***** Task material

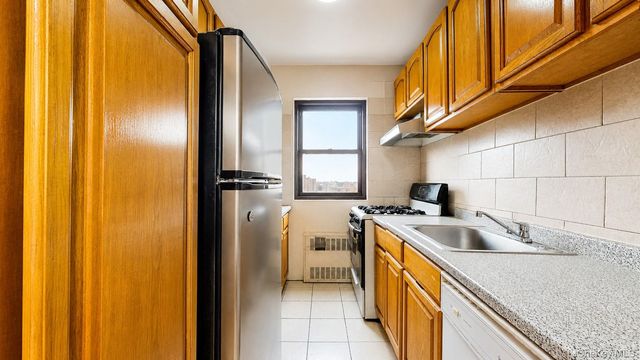 99-05 63rd Dr 7K, Rego Park, NY 11374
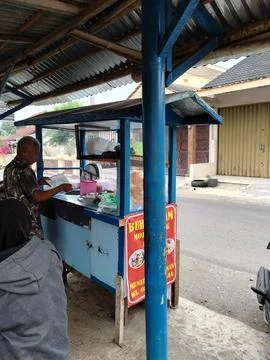 Central Java Indonesia 25 June 2026: An authentic Indonesian street food scene  库存照片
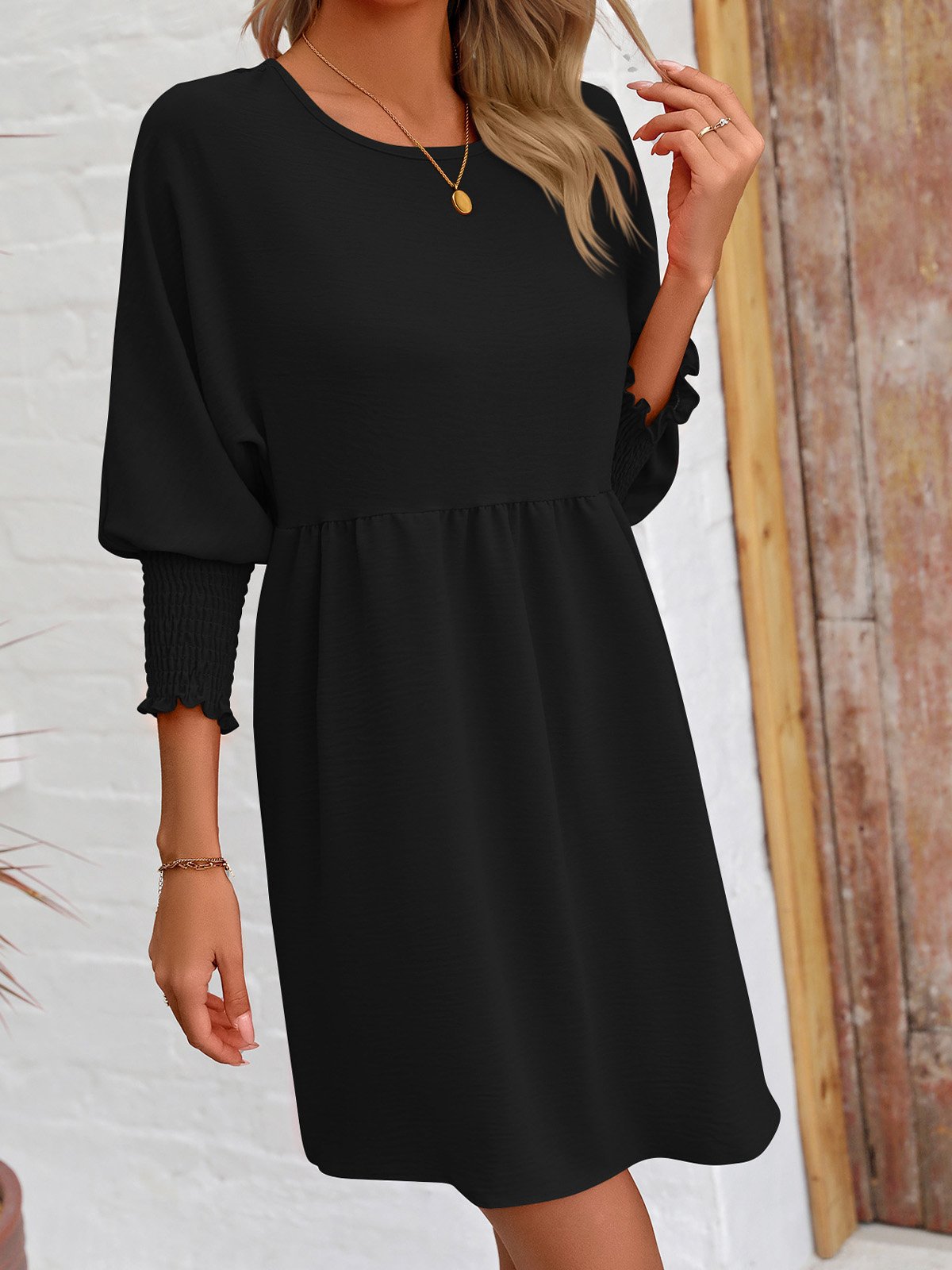 Femmes Plain Noir Col Rond Confortable Court Robe Décontracté
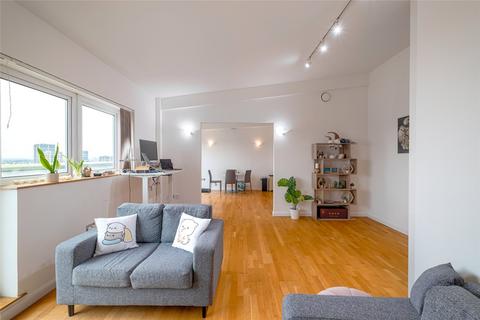 2 bedroom penthouse to rent, Maritime House, Woolwich, London, SE18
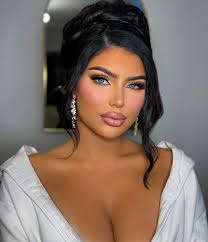 Darlene Diaz's Instagram, Twitter & Facebook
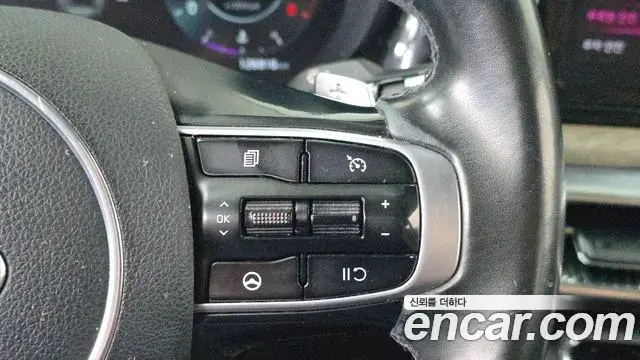 Kia K5 2019 — ფოტო 27/31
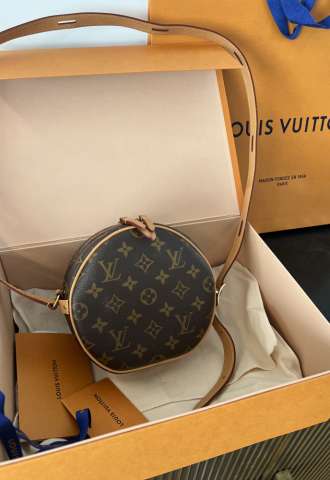 https://www.vipluxury.sk/Louis Vuitton Plus Boîte Chapeau Souple PM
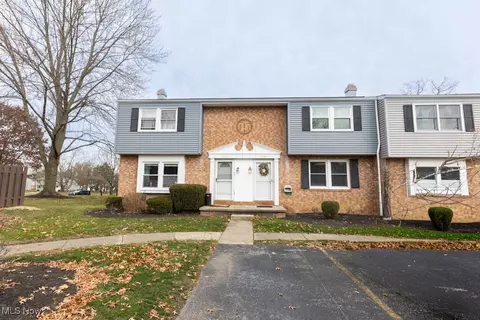 662 Smokerise Dr, Medina, OH 44256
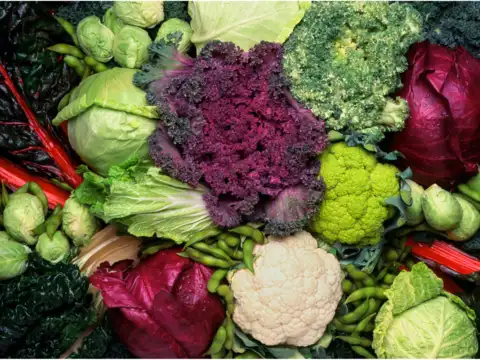 Cruciferous Vegetables: Broccoli, Kale, Cauliflower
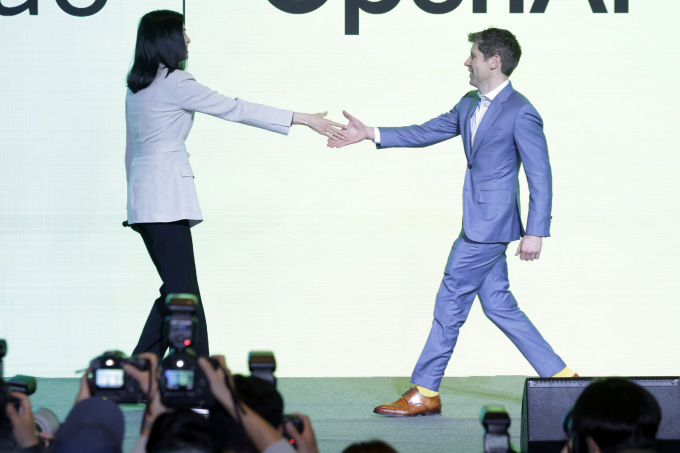  정신아 카카오 대표와 샘 올트먼 오픈AI 최고경영자가 4일 서울 중구 더 플라자호텔에서 열린 카카오 미디어데이에서 악수하고 있다. /사진=뉴시스
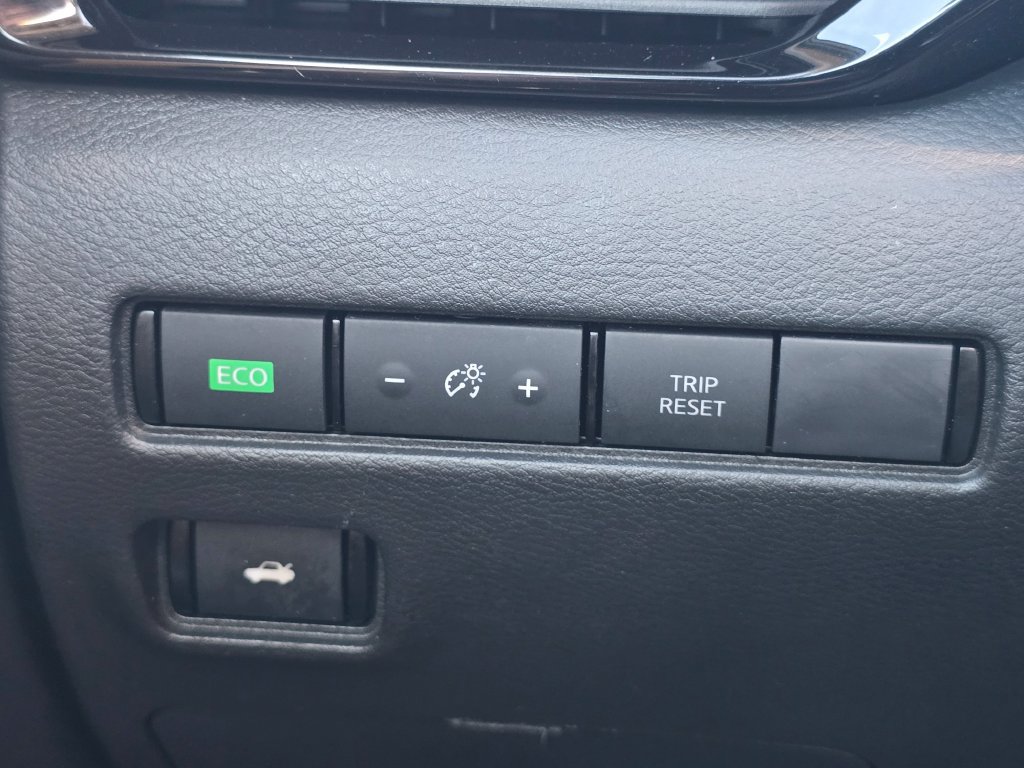 Used 2021 Nissan Sentra SV w/ SV Premium Package FWD image 24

**********

**Your objective**
Repeat the records above word for word, apart from the pictures.

**Output for this exercise**
 99-05 63rd Dr 7K, Rego Park, NY 11374
 Central Java Indonesia 25 June 2026: An authentic Indonesian street food scene  库存照片
 Femmes Plain Noir Col Rond Confortable Court Robe Décontracté
 2 bedroom penthouse to rent, Maritime House, Woolwich, London, SE18
 Darlene Diaz's Instagram, Twitter & Facebook
 Kia K5 2019 — ფოტო 27/31
 https://www.vipluxury.sk/Louis Vuitton Plus Boîte Chapeau Souple PM
 662 Smokerise Dr, Medina, OH 44256
 Cruciferous Vegetables: Broccoli, Kale, Cauliflower
  정신아 카카오 대표와 샘 올트먼 오픈AI 최고경영자가 4일 서울 중구 더 플라자호텔에서 열린 카카오 미디어데이에서 악수하고 있다. /사진=뉴시스
 Used 2021 Nissan Sentra SV w/ SV Premium Package FWD image 24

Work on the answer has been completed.